I agree with you. There is quite a bit of room for misunderstanding 
in the history of Tom Riddle, and I would characterize 
misunderstanding as part of the human/HP experience.  

In my opinion, making choices and being marked by past events, does 
not invalidate anything that either of us has said up to this point.  
Riddle may misunderstand quite a bit about his young life, but what 
he thought to be true cannot be separated from his actions for better 
or worse.  The information we have about his knowledge not only 
implicates him in hateful behavior, but also a very large part of 
Wizarding society.

  My idea goes back to the larger story of a society that allows 
Voldemort to exist.  If the WW is similar to the Muggle World, and 
Tom Riddle was not born evil, then what information is JKR asking the 
reader to consider in order to really understand the evolution of the 
character from Tom Riddle to Lord Voldemort?  Harry's similarities to 
Voldemort don't really give us much more than a hero vs. villain 
comparison and black vs. white morality.  In my opinion, there is 
more happening with the characters than simple binarism.  Which may 
or may not fit well with what you are considering.

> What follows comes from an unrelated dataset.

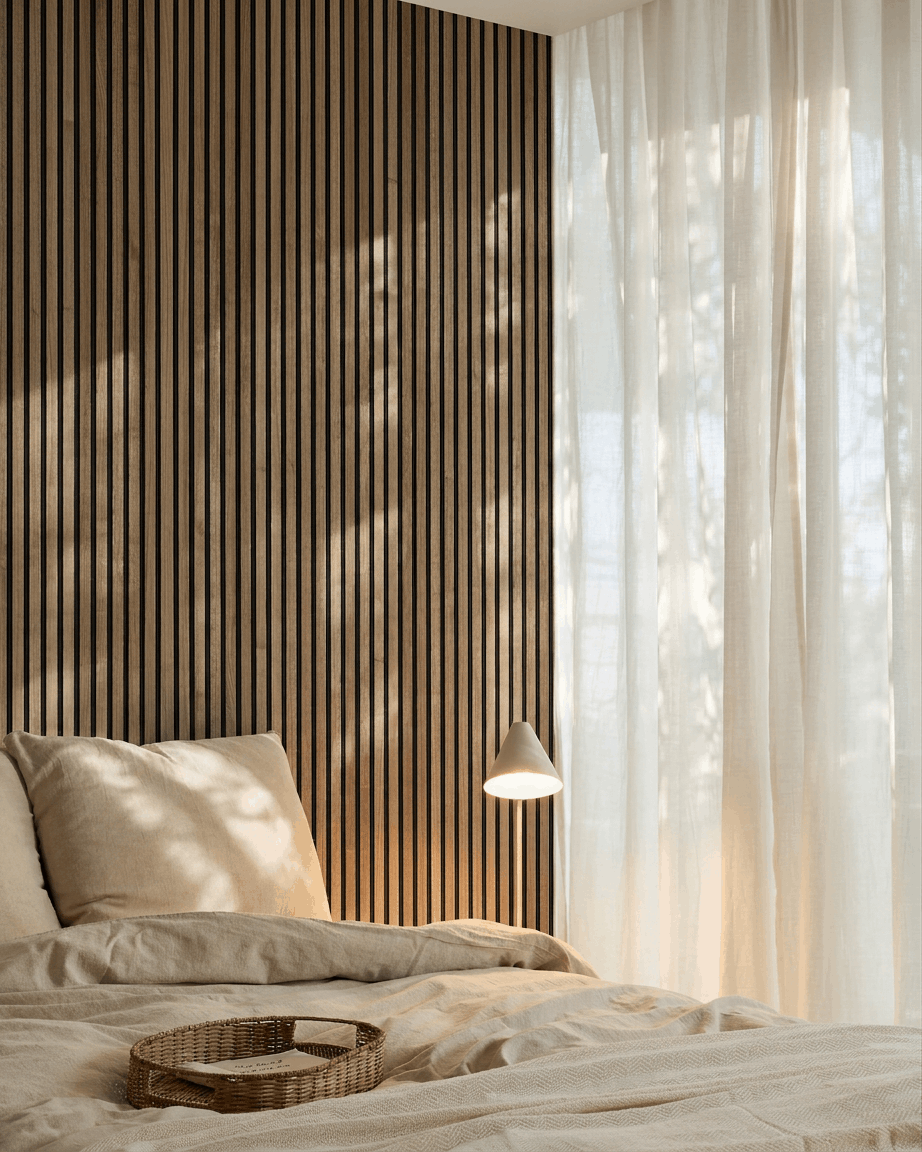 Minimalistisk skandinavisk soveværelse med en WoodUpp Akupanel akustisk lamelvæg i valnød, beige sengetøj, flettet bakke på sengen og transparente gardiner, der filtrerer det bløde lys.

I'm a firm believer in letting JKR tell her story in her time, and if 
indeed there is something more to the youth of Tom Riddle that we 
need to know, she will let us in on it through the next two books.

Carol wrote:
> I really, really hope that his mother (or the midwife) didn't cast 
any
> sort of charm. It's one thing to have Harry owe his life to his
> mother's love. He grew up essentially good and decent without 
knowing
> that. (He doesn't know about the charm, if there was one, even now;
> only about the "ancient magic" involving his mother's self-
sacrifice.)
> It's a completely different thing for Tom/Voldemort's evil nature to
> be in any way traceable to his mother, who also in a sense died for
> him, since if it weren't for his birth, she'd be alive.
> 
> Nor does his father's behavior, however harsh and irresponsible and
> generally reprehensible, excuse Tom's choice to murder Myrtle, 
taking
> out his hatred of his Muggle father on an innocent girl because her
> parents, too, were Muggles. The murder of his father and 
grandparents,
> though he had a motive for one of the three killings, was also an 
act
> of pure choice and pure evil. Even if his father had murdered his
> mother and left him in a field to die he would not be justified in
> taking the law into his own hands and murdering him. And the
> grandparents, so far as we know, had done nothing worse than having
> Tom's father as a son.
> 
> Yes, Tom had a difficult life, but many children throughout history
> have been abandoned by their fathers (or mothers). Many children 
have
> been rejected and placed in orphanages. But the majority of those
> children don't become murderers. Nor do they make the conscious 
choice
> to carry out the "noble work" of some dead predecessor whose goal 
was
> genocide.
> 
> Whatever the circumstances of Tom's birth (which I also will find
> interesting), they can't take away his responsibility for the deaths
> he caused as a boy or as a man. He knew good from evil and 
consciously
> chose evil. And that, not the details of his birth and childhood, is
> what distinguishes him from Harry, who will not, I think we can 
safely
> state, be murdering Vernon or Petunia in Book 6 or 7.
> 
> Carol

Carol,

I don't think that anyone involved in the conversation believes that 
Voldemort is not responsible for the numerous murders under his 
reign.  Clearly he is guilty of hatred beyond prejudice and a few bad 
deeds.  He's a vicious killer. That is very clear.  Without a 
background, however, he would also be a one demesional character that 
others hae no reason to follow.

I'm also not clear that anyone argued for Tom Riddle's ignorance of 
good and evil either.  My point was simply that neither Harry nor 
Voldemort can be separated from his history, or the history of the 
WW.  We as readers do not have to like, or for that matter agree 
with, any of the characters motivations for making their choices. 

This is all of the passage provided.